The same year he purchased the property, Sheffield hired architect Chilson Aldrich, who specialized in log cabins, to design a lodge. it was painstakingly constructed over the following four years. Three master carpenters oversaw the construction. The log walls were massive Ponderosa pines brought in from Oregon, painstakingly fitted together by hand. A massive stone fireplace near the center of the building seems purely geologic in origin, as if the Earth had thrust a pillar of rock and mortar out of the river bank. It seems to hold up the whole building, and gives it a feeling of rustic opulence. He dubbed it “Croixsyde.”
The 62-year-old Sheffield probably hoped to hunt and fish more in his old age after a long and busy career, but he lived only a handful of more years, long enough to die in the place. Croixsyde is not believed to have been designed as a domicile, but rather a place to temporarily escape the city and hunt and fish. Despite Sheffield’s short ownership, the lodge still stands today, listed on the National Register of Historic Places in 1980.
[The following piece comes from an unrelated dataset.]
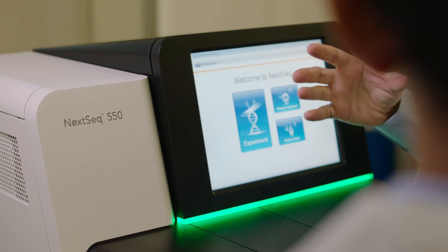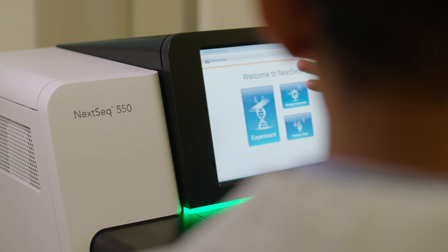The data quality for the NEXTSEC 550 is identical to the data quality we generate out of the NEXTSEC 500. Effectively it's the same instrument from a sequencing perspective.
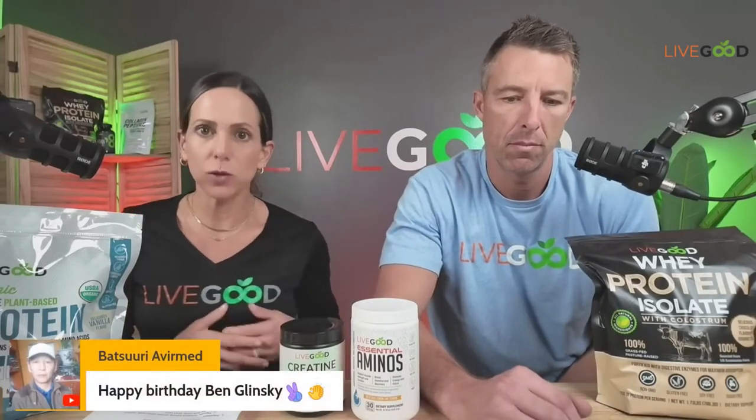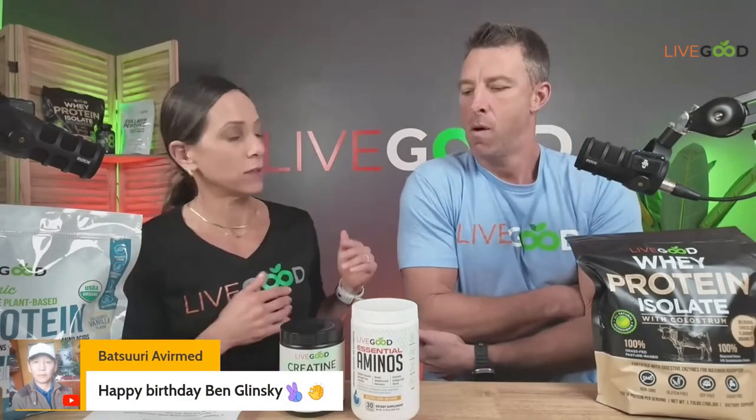Hello everyone, we are live — good morning, good afternoon, good evening, whatever time it is that you're listening to this. Thanks so much for joining us today on our Monday Zoom where we take a health topic and run with it. Happy birthday to our CEO Ben! If you haven't subscribed to our channel already, please subscribe, leave comments, and like our videos — it really helps us. We do these every Monday, and you can go back and watch previous ones.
The gently sloped bluff is now called Croixside (the ‘y’ replaced with an ‘i’), a residential neighborhood developed beginning in the 1950s and into the 1980s. Its stone gate on Highway 95, the original Croixsyde entrance, has long been a landmark for travelers between Stillwater and Marine. The lodge has had just a few owners over the past 100 years. In 2016, Bob and Mary Johnson of Hugo purchased it. They have been careful stewards of the stately abode, and welcomed me for a tour one rainy day in April.
Croixsyde is one example of several such places along the St. Croix River and its tributaries from the Roaring Twenties, when wealthy industrialists sought to escape noisy, dirty cities to country estates an easy train ride away. From the St. Croix’s headwaters area near Gordon, Wis. to the Namekagon’s source near Cable, and several other points, there are examples of this era’s legacy.
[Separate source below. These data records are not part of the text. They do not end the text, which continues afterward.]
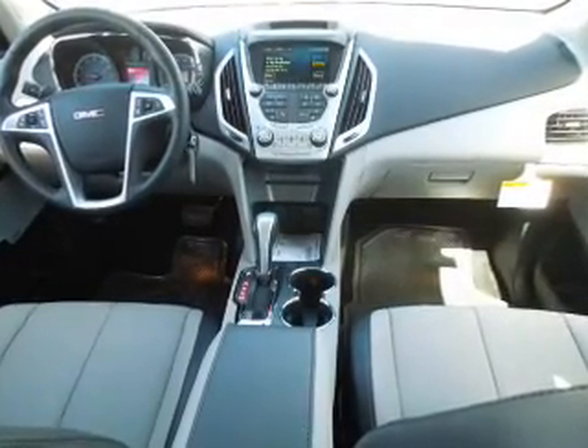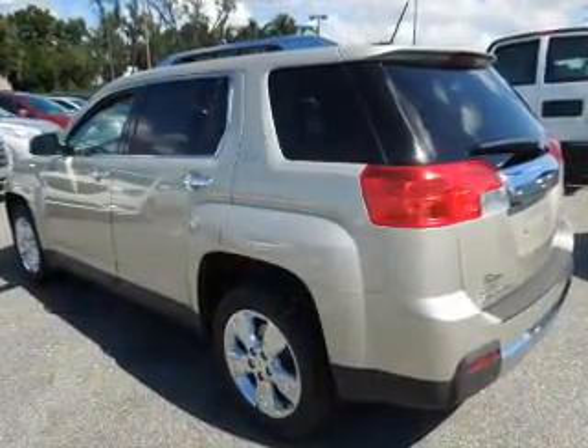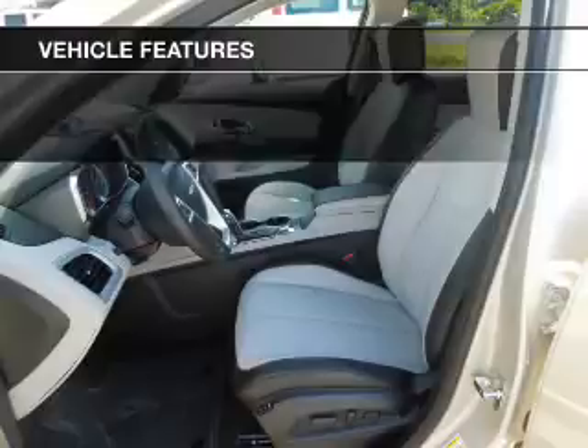Savor your listening experience with the premium sound system. The anti-lock braking system will keep you safe on the road. Let the sun shine in with a sunroof. Pamper yourself with memory settings. And with these notable features, you won't want to miss out on the opportunity to own this amazing ride.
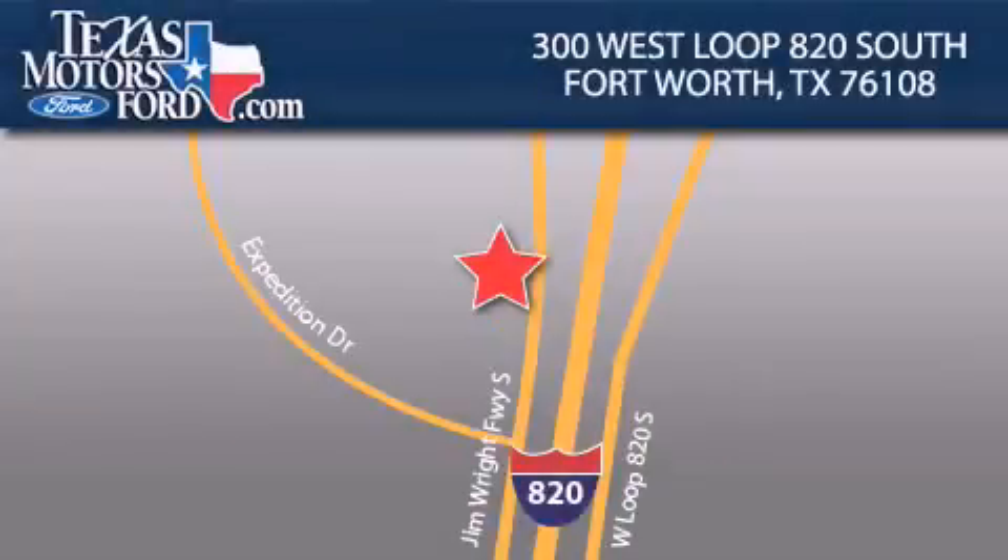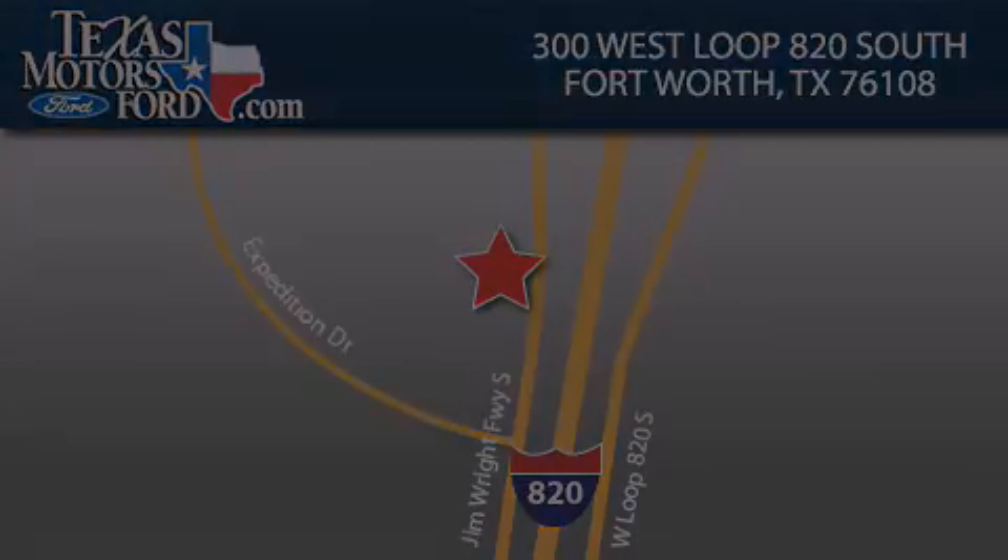Texas Motors Ford is located at 300 West Loop 820 South in Fort Worth. Our goal is to exceed all of your expectations to ensure that you'll return for future visits.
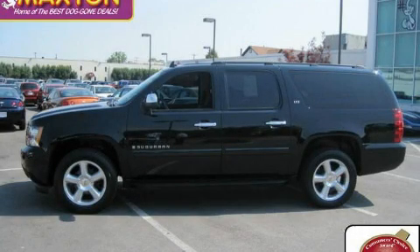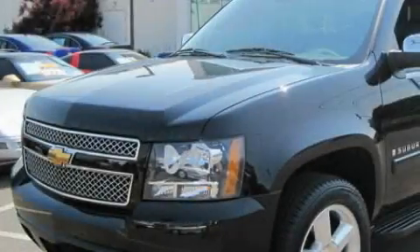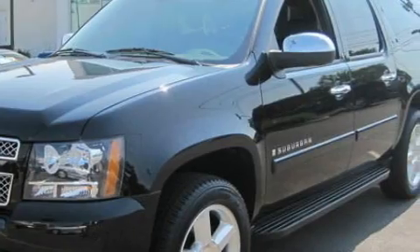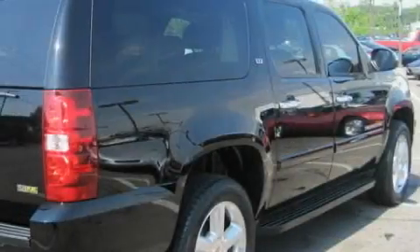This is a certified pre-owned 2008 Chevrolet Suburban, a big SUV for big fun. It has a 5.3 liter 8-cylinder engine, an automatic transmission, and 4-wheel drive.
Sheffield was certainly a wealthy industrialist. He was born in Nova Scotia, Canada, in 1860 to a well-connected family. His mother’s first cousin later served as premier of Canada. Sheffield’s parents moved the family to Faribault, Minnesota in 1865, where his father built a milling business along the Cannon River. Benjamin joined him before his twentieth birthday, and then shortly took over the company. He quickly showed an aptitude for the business, turning around failing mills and seeing profits within a couple years.
“From the time when he made his initial step in the business world he has displayed thoroughness, keen sagacity, close application and unfaltering diligence and upon these qualities he has builded the superstructure of his splendid success,” a 1923 biography reported.
In the subsequent decades, Sheffield was partner in various firms that operated grain elevators across the region. Farmers plowing up the prairies brought their bountiful harvests of wheat and other grains to these important sites for sale and distribution. It was the same time when Pillsbury and General Mills and many others arose, when Minnesota was the country’s wheat basket, fueled by fertile soil created by 10,0000 years of living grasslands.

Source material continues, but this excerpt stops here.